She wails and cannot be consoled, her voice tearing the air to - TopicsExpress



          

She wails and cannot be consoled, her voice tearing the air to shreds. For her children have passed through the windy Doors of No Return. Moustapha Dimé, 1952-1996, has a solo at the National Gallery, Dakar, Senegal. I think it is the highlight of the OFF Biennale at DARART 2014. I will post some images from his sculptures. His work is inventive, almost exclusively introverted, yet organically located in figurative reality in a non-rational reference--in which materiality matters more than descriptive qualities.
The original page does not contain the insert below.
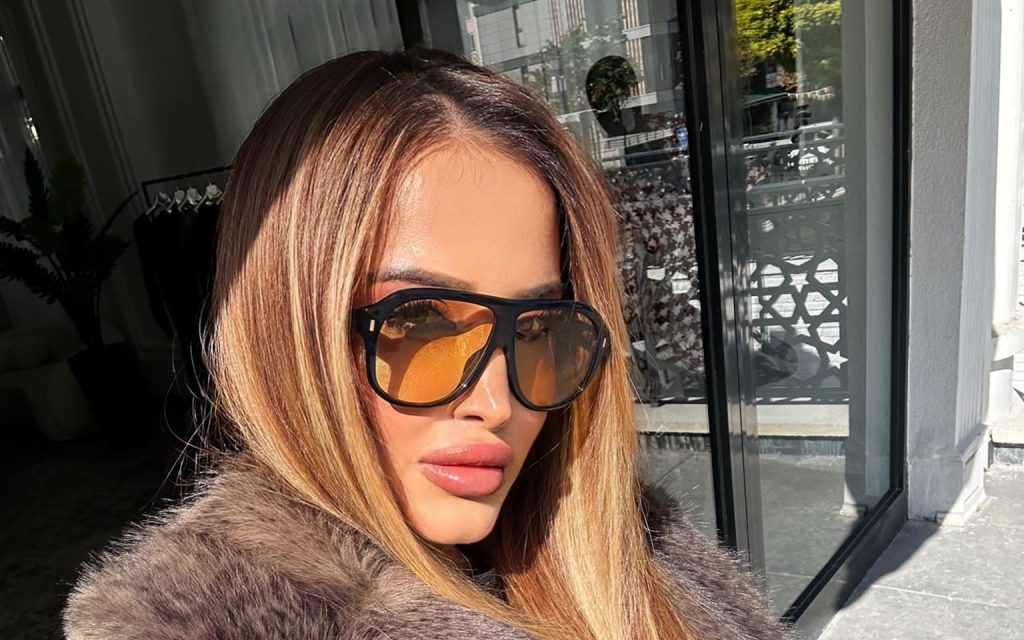 Gözde İşbilir’in Kaleminden: Gardıropta Sıcak Bir Stil Devrimi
He is a poet of found objects. His language is rigorous and fractured. Even though he locates his aesthetics around the female figure, his gaze is not romantic. The tragic quality that he brings to the female figure is schizophrenic--he adores, yet cries with a dirge phrasing recalling rituals, burials and loss. Like Senghor, he longs for a woman that does not exist, except perhaps in the lyrical imaginary. He is afraid to look at the female body. Because what he sees is a spent mother, elegantly adorned in her worn devastation. Moustapha Dimé lived on Goree Island, where the voices of the wailing women taken into captivity stay in the wind blowing through the many Doors of No Return. She wails and cannot be consoled, her voice tearing the air to shreds. For her children have passed through the windy Doors of No Return.